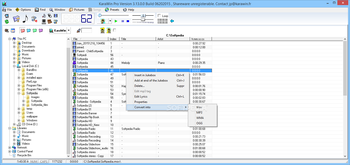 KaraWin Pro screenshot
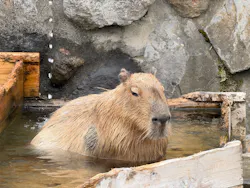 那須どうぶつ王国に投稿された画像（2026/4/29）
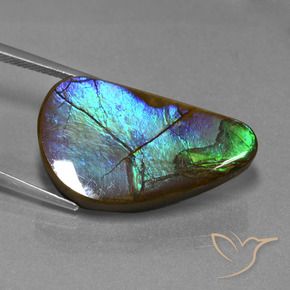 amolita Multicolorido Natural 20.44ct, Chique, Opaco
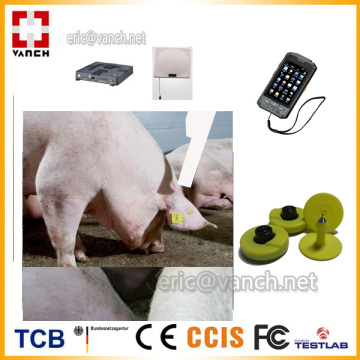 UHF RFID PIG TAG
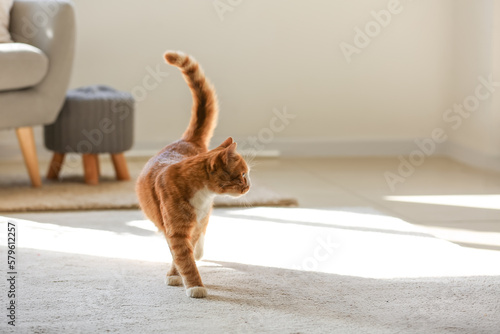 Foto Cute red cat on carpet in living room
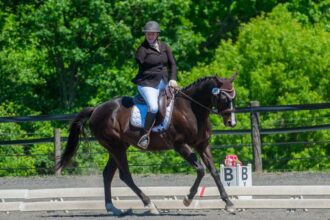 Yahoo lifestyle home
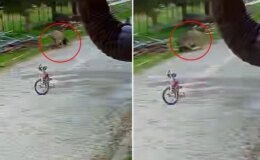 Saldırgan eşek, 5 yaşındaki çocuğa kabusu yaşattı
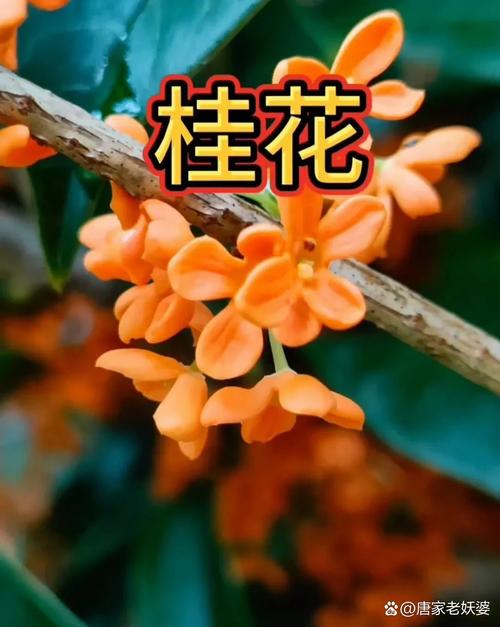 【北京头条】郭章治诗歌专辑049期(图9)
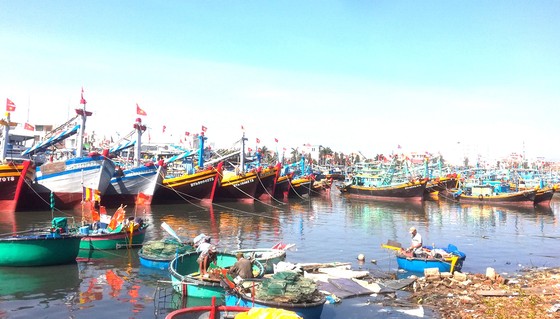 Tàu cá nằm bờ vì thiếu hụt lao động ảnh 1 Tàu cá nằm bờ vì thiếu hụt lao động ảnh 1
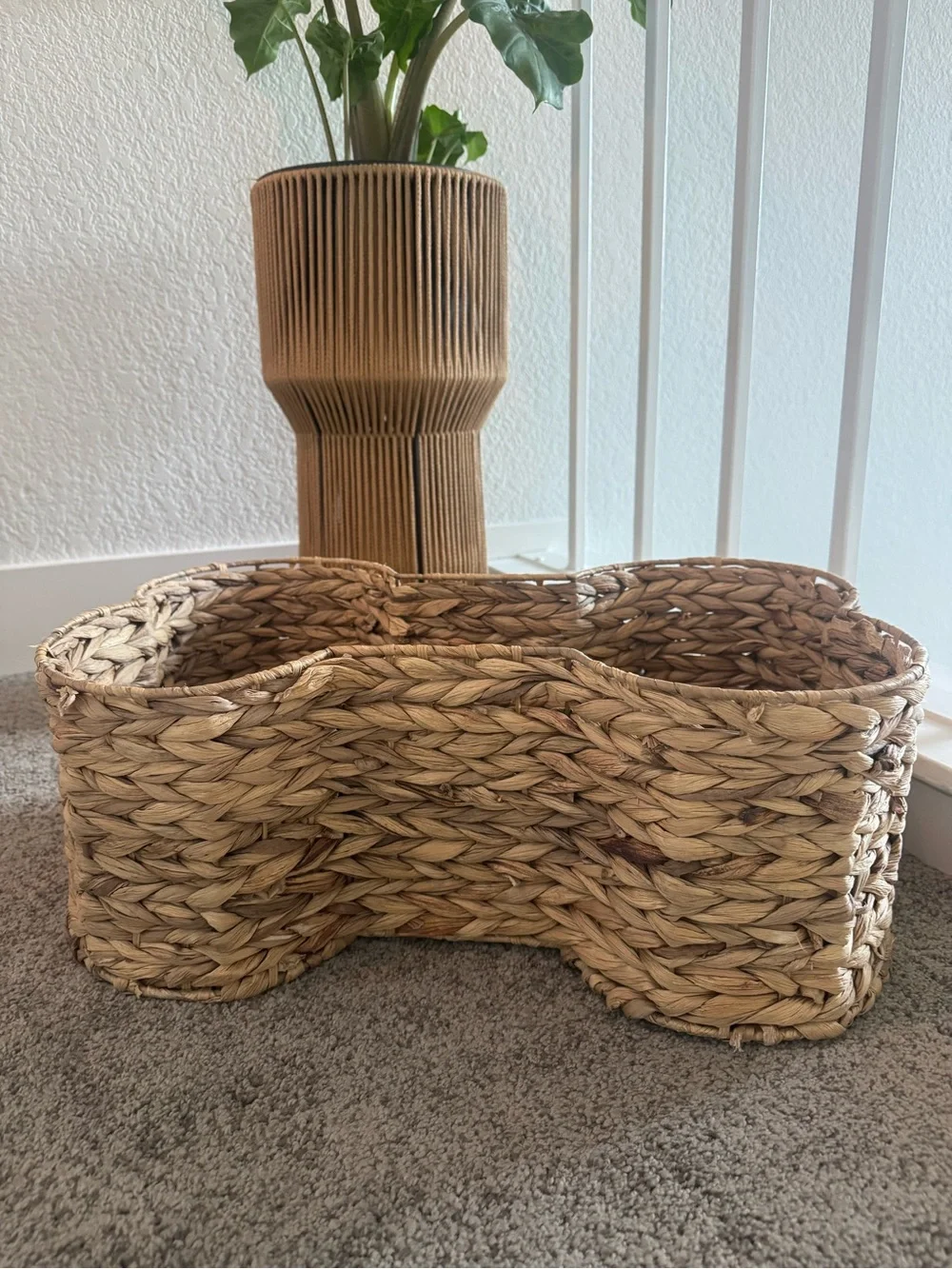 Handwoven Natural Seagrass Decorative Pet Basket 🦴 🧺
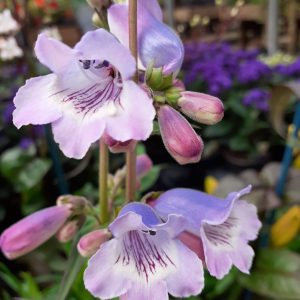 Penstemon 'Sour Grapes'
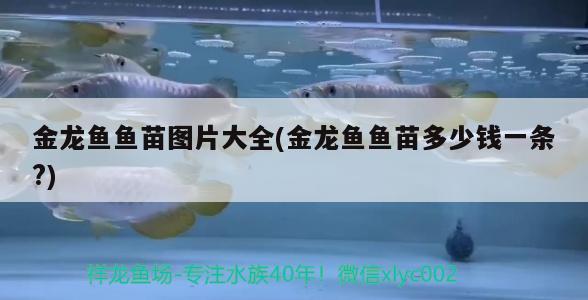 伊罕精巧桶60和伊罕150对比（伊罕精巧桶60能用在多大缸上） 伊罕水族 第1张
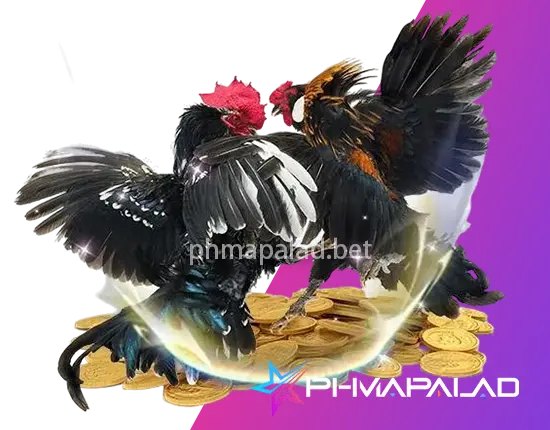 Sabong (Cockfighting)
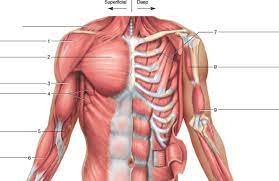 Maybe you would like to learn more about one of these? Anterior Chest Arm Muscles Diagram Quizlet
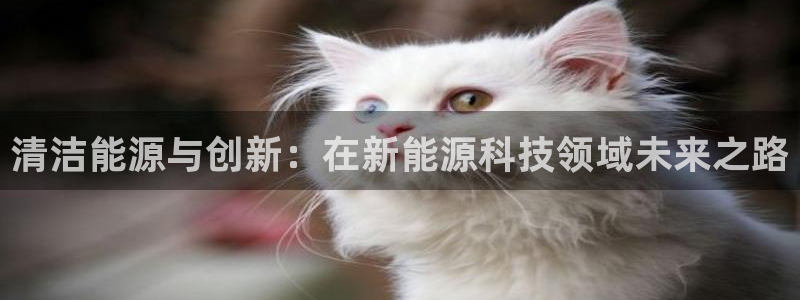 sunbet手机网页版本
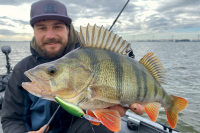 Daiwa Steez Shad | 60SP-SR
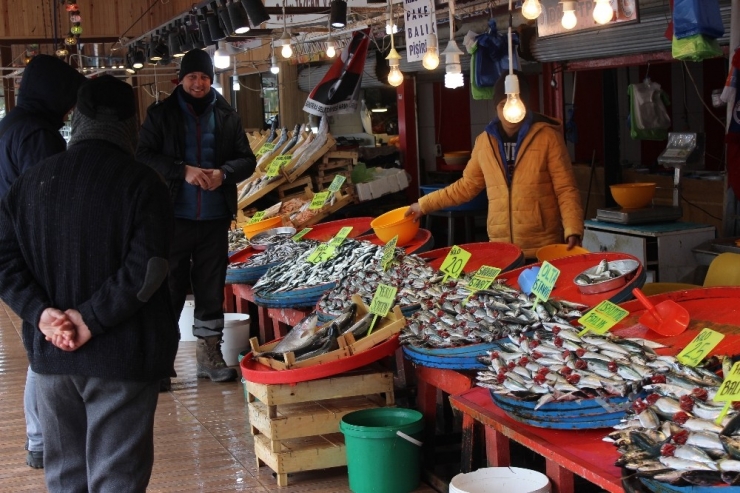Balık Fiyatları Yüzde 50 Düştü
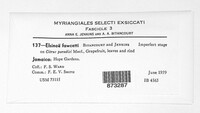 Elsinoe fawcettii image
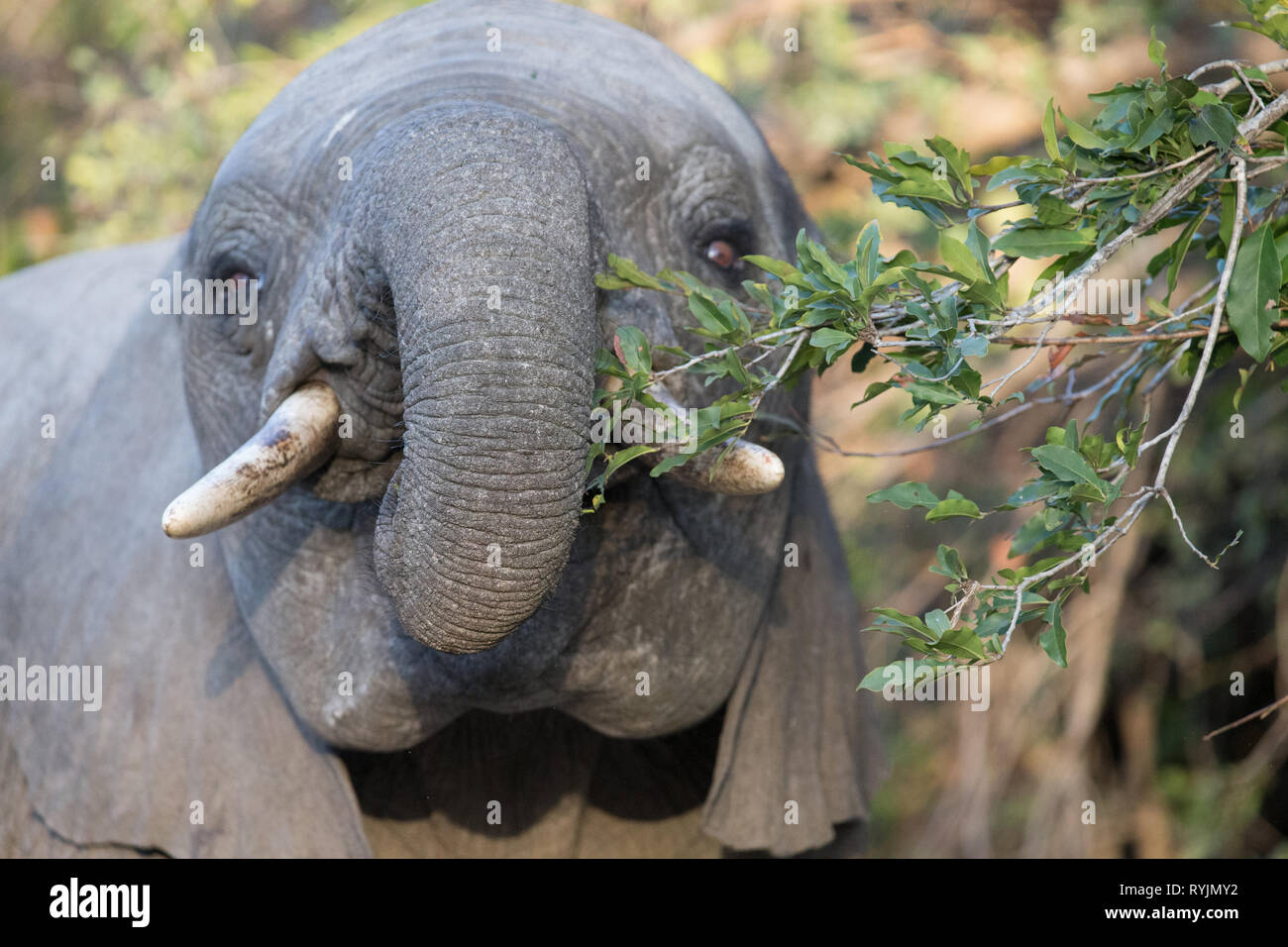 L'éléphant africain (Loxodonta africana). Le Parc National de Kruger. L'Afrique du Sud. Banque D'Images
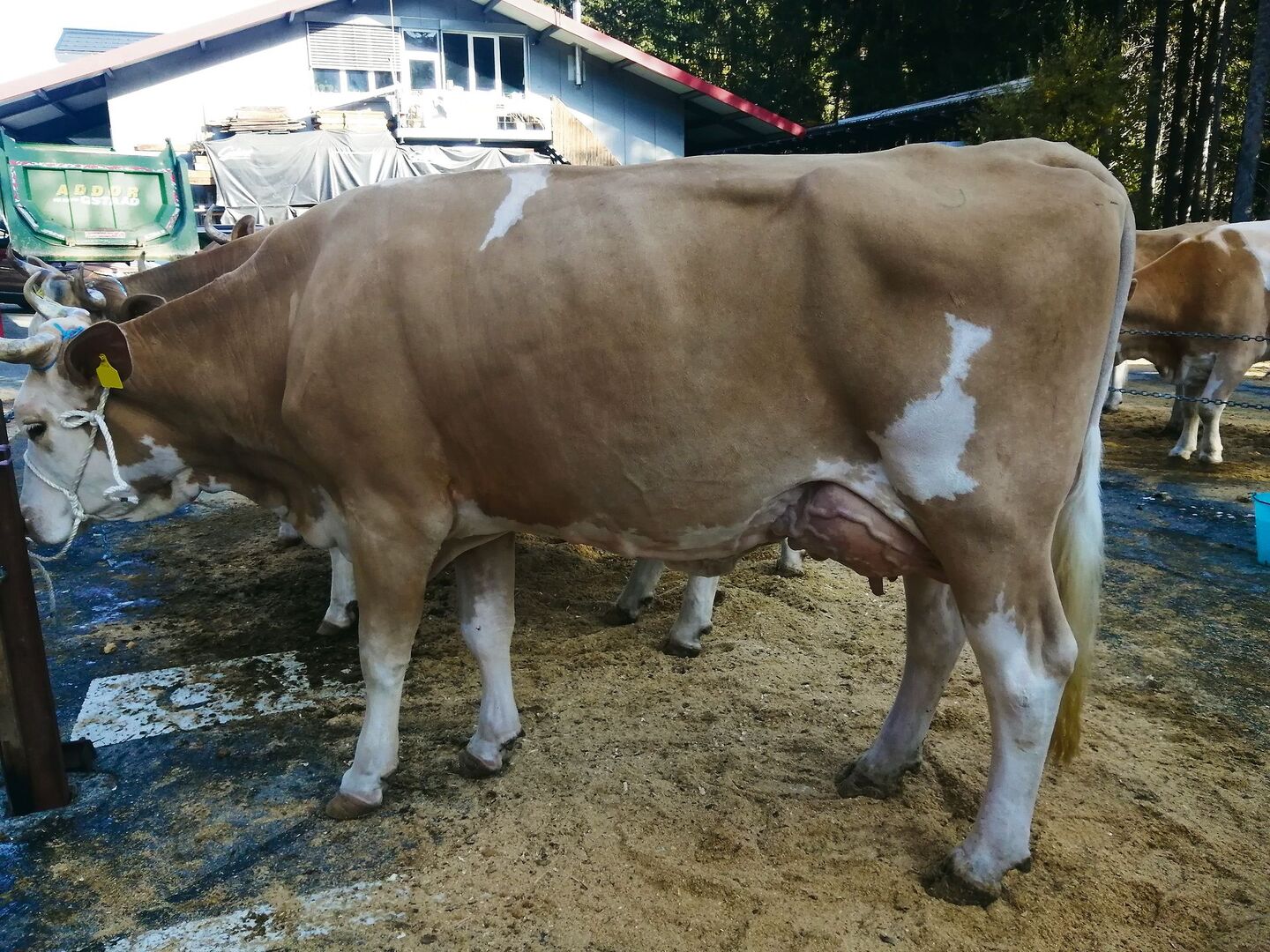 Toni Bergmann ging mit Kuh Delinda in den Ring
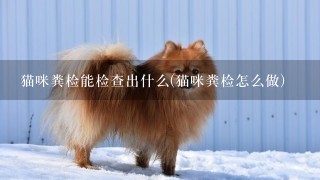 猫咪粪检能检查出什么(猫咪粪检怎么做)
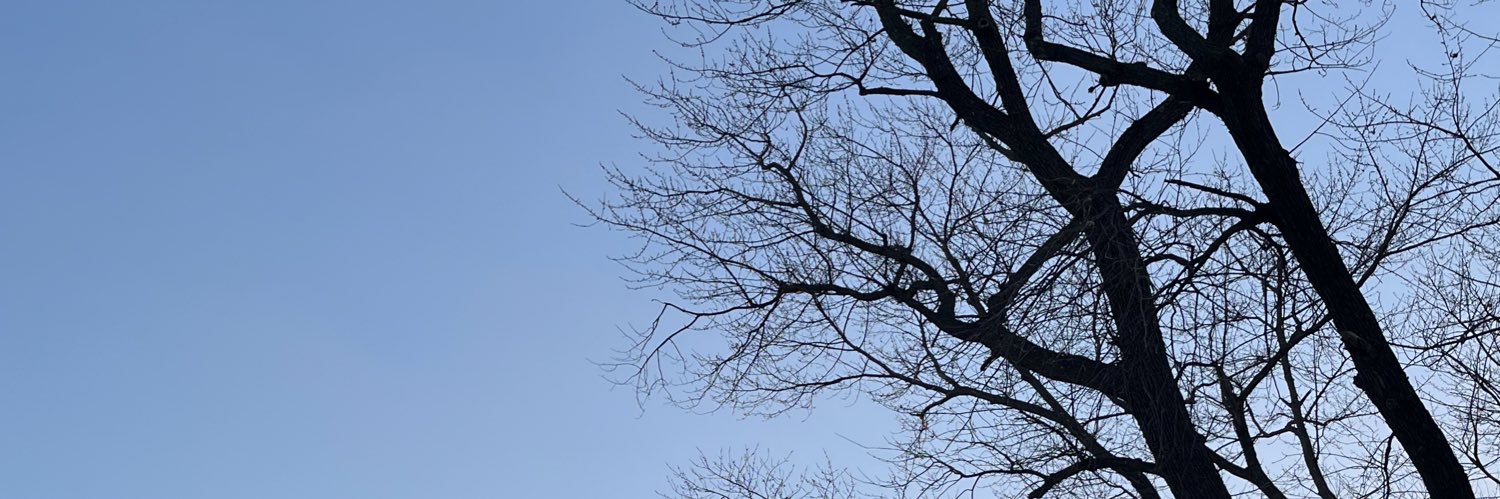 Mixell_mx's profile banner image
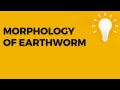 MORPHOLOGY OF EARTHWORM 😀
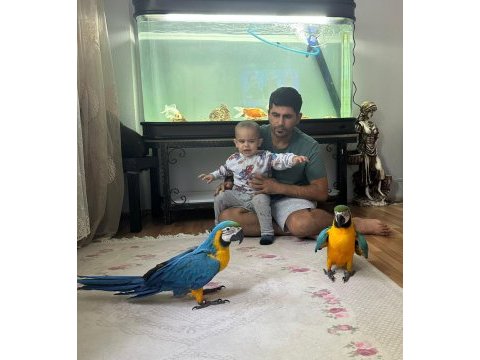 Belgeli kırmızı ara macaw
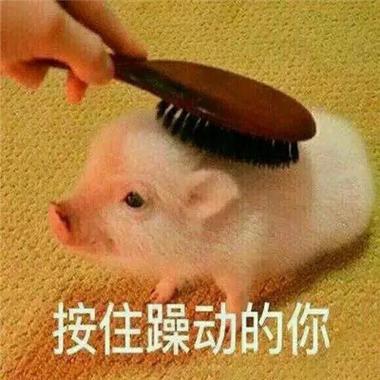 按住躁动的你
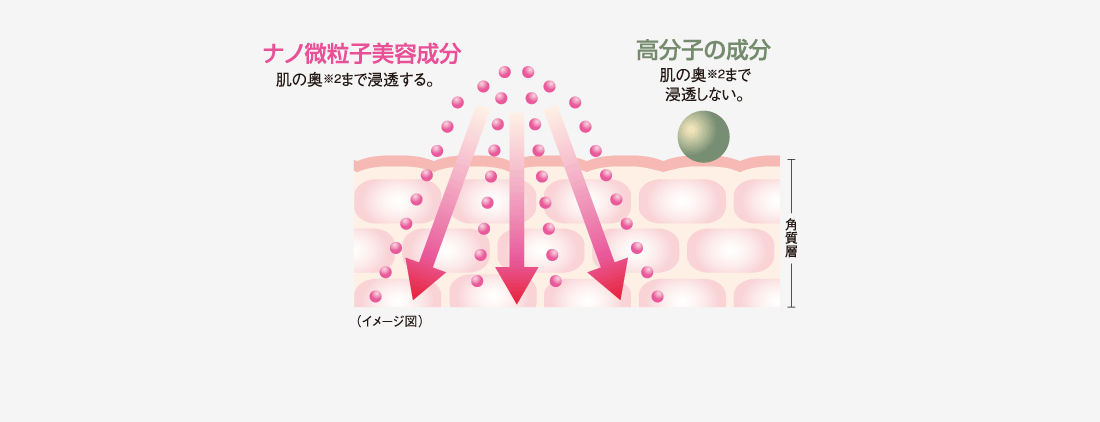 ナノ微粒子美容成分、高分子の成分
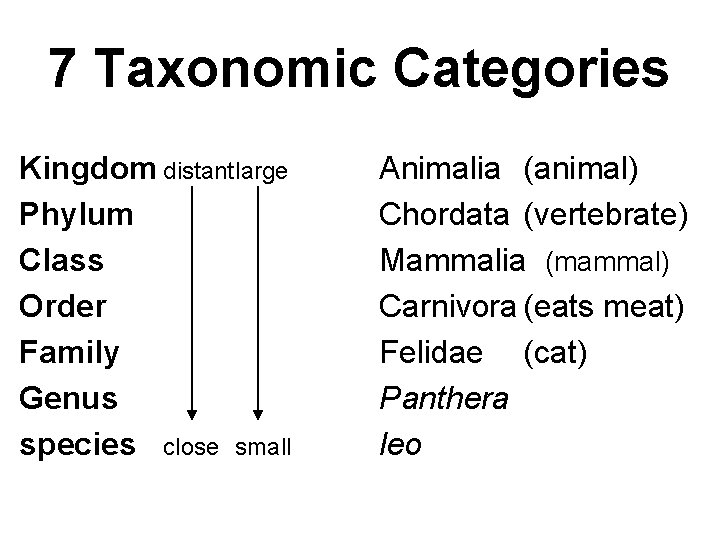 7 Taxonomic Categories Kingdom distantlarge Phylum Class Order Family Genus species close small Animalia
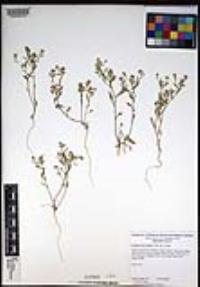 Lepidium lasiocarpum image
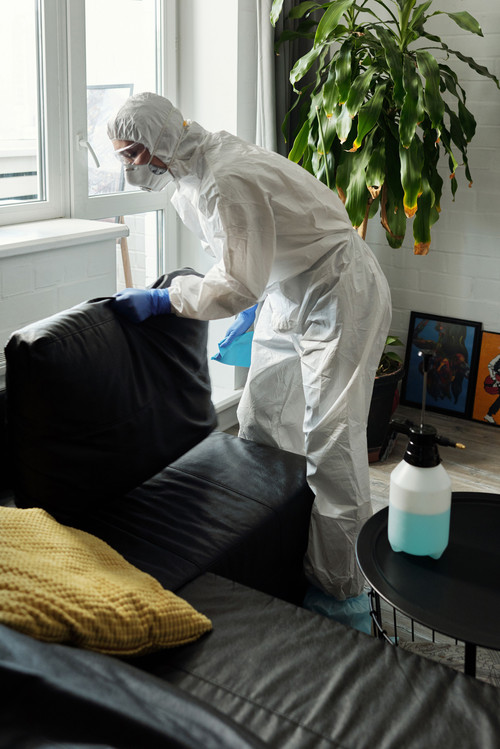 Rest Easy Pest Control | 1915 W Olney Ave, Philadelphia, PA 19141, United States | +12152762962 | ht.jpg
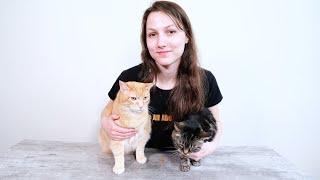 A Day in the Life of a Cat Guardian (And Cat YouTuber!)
************
*EXERCISE AIM*
Word for word, set down the lines from the line with "MORPHOLOGY OF EARTHWORM 😀" through the last line of the entries, and nothing else; the pictures stay out.

*WRITTEN ANSWER*
 MORPHOLOGY OF EARTHWORM 😀
 Belgeli kırmızı ara macaw
 按住躁动的你
 ナノ微粒子美容成分、高分子の成分
 7 Taxonomic Categories Kingdom distantlarge Phylum Class Order Family Genus species close small Animalia
 Lepidium lasiocarpum image
 Rest Easy Pest Control | 1915 W Olney Ave, Philadelphia, PA 19141, United States | +12152762962 | ht.jpg
 A Day in the Life of a Cat Guardian (And Cat YouTuber!)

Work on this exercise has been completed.